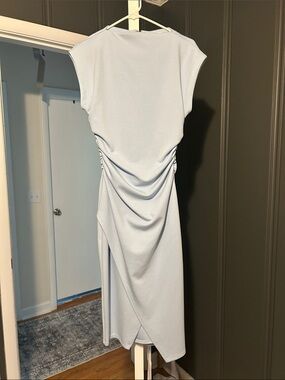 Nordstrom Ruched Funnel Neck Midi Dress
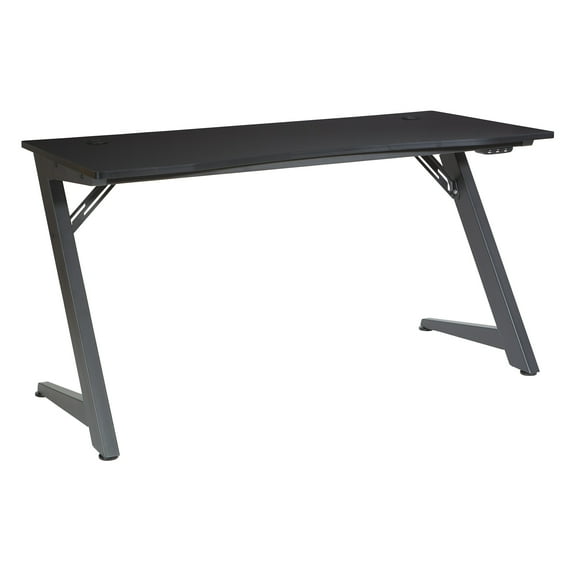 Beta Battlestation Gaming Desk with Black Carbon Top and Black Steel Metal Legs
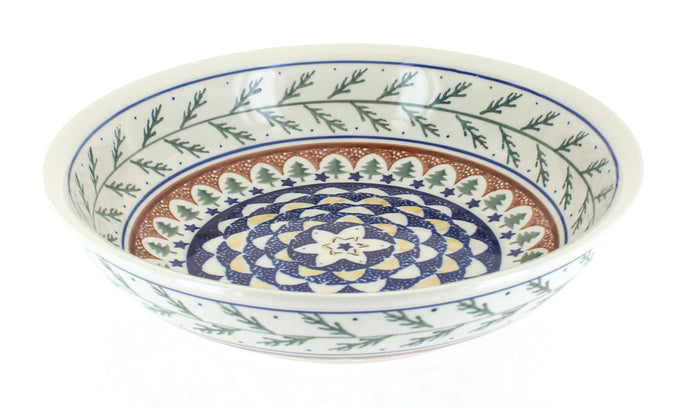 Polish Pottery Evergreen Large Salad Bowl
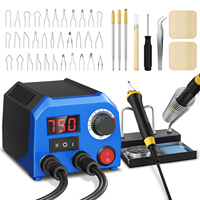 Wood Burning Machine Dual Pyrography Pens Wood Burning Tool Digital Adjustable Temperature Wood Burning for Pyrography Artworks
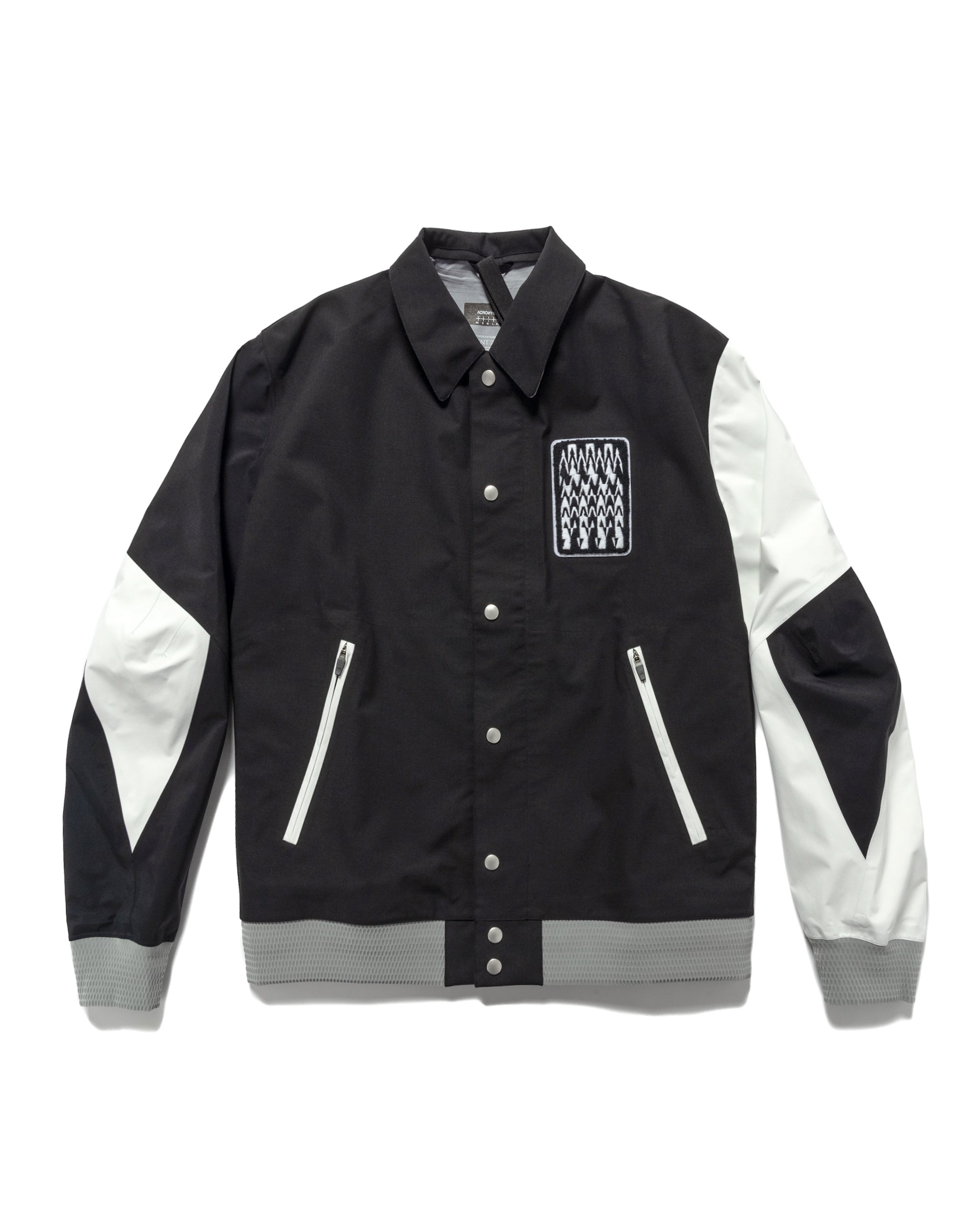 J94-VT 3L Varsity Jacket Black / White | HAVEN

::::::

— Work order —
Set down the line containing "Wood Burning Machine", then every later line through the end of the material, exactly as written; omit any picture.

— Output for this exercise —
 Wood Burning Machine Dual Pyrography Pens Wood Burning Tool Digital Adjustable Temperature Wood Burning for Pyrography Artworks
 J94-VT 3L Varsity Jacket Black / White | HAVEN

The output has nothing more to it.